The Washington Post left a very important fact out of an article on Republican efforts to ban voluntary state sponsored retirement plans. The Republicans are trying to make such plans impractical by reversing a Labor Department ruling that exempted employers with workers contributing to the plans from being subject to ERISA provisions. The basis for the Labor Department ruling is that the employers are simply mailing in a check on a worker's behalf, not running a plan.

The Republicans in Congress who want to insist that ERISA rules apply to employers, making it a substantial burden on them, say that they are doing it to protect workers' savings. These are the same people who are trying to reverse the Fiduciary Rule, which requires investment advisers act in the best interest of their clients, and to gut the Consumer Financial Protection Bureau.

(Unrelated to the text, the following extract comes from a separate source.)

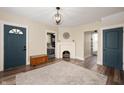 Bright living room with hardwood floors, a decorative fireplace, and neutral paint at 3360 Main St, Plainfield, IN 46168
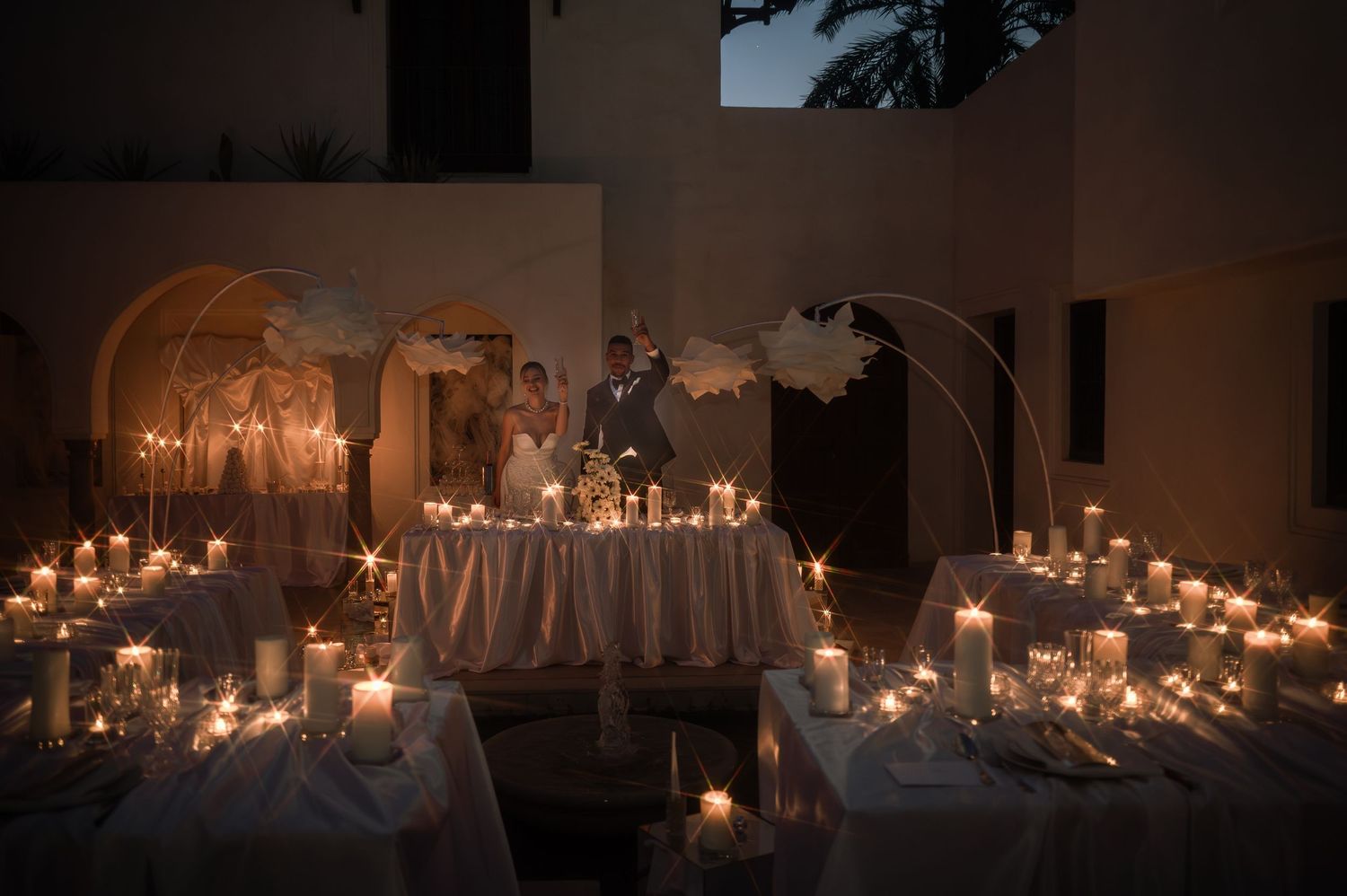 Romantic candlelit wedding reception with glowing tables and couple standing at sweetheart table with feather decorations.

Anyhow, the Post neglected to mention the difference in fees between 401(k)s and the state-sponsored plans. The average fee on 401(k) is around 1.0 percent of the money in a worker's account. Many plans charge more than 1.5 percent. By contrast, state sponsored plans are likely to have fees in the range of 0.2–0.3 percent.

The difference can easily come to $30,000 over the course of a middle-income worker's career. This is money that is being transferred from workers to the financial industry. Most people would likely consider this a substantial sum of money. It should have been noted in this piece.